'I Blame Society' Poster Teases A Bold And Meta Approach To Murder [Exclusive]

There are more than a few films out there about the artistic struggles of filmmakers and writers. Outside of the films themselves, many creatives get their start directing shorts while others come out of the gate swinging with a full-on directorial feature...and the practice of abandoning projects due to lack of funding, rejection, or shifting passions is all too familiar. Having previously worked on two short films that premiered at SXSW, director Gillian Wallace Horvat tackles filmmaker frustrations and ambitions in her directorial debut, I Blame Society.

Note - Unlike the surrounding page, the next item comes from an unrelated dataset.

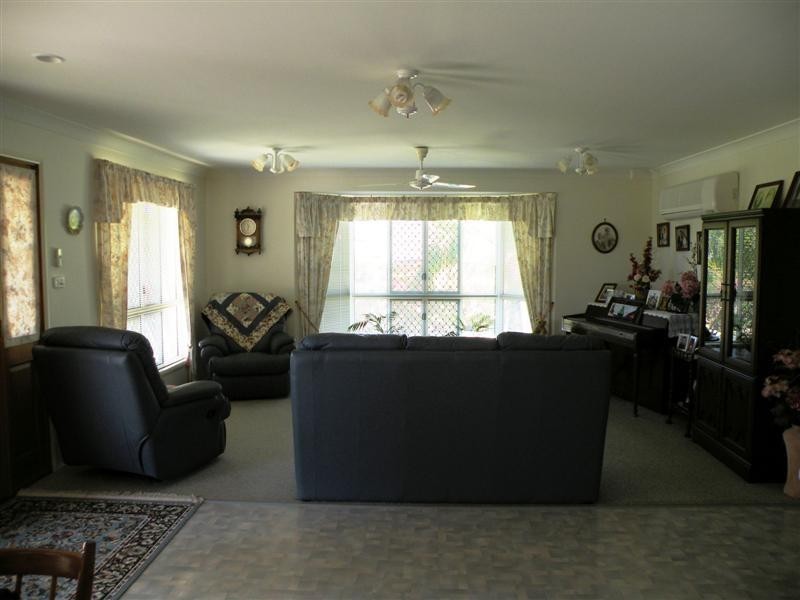 166 Emmerson Drive, Glenlee QLD 4711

We're pleased to premiere the first poster for the film, which you can check out below.

I Blame Society Poster

Originally a project that began four years ago, Horvat's feature is about a struggling filmmaker who feels the confidence in her abilities slipping based off of feedback from her peers and family members, so she decides to prove herself by completing an abandoned film – and committing the perfect murder. I Blame Society was originally crafted as a real documentary entitled I, Murderer with Horvat as the director exploring whether our not she had the qualities needed in order to succeed in executing the quintessential murder. Last year, she picked it back up as a narrative with a dark comedy lens shot in meta fashion by an almost entirely female crew. Horvat plays herself as the protagonist and mixing filming with narrative and doc footage.I Blame Society is premiering at the International Film Festival Rotterdam as part of their Bright Future Competition on January 28. The festival deemed the film to be "a titillating meta-story about the camera as an excuse for abuse, artistic transgression and blurry boundaries." To promote the film's premiere, a teaser poster featuring the work of world renowned artist Anthony Burrill was created. A jack of all trades, Burrill is a graphic artist, designer, and print-maker who is praised for his pervasive style of communication. He is best known for his typographic, text-based compositions, with his piece "Work Hard and Be Nice to People" being his most famous to the point where it has become an artistic mantra for many in the design community. Burrill's bold, straight-forward and minimalistic poster is an apt reflection of Horvat's film. Art, like human complexity, is never truly just black and white. There is always a reflective and almost introspective quality that has a deeper thematic layer beyond a deceptively simple surface. I Blame Society is a low-budget indie that aims to do just that and tests the boundaries of independent filmmaking beyond what we are willing (or sometimes able) to see.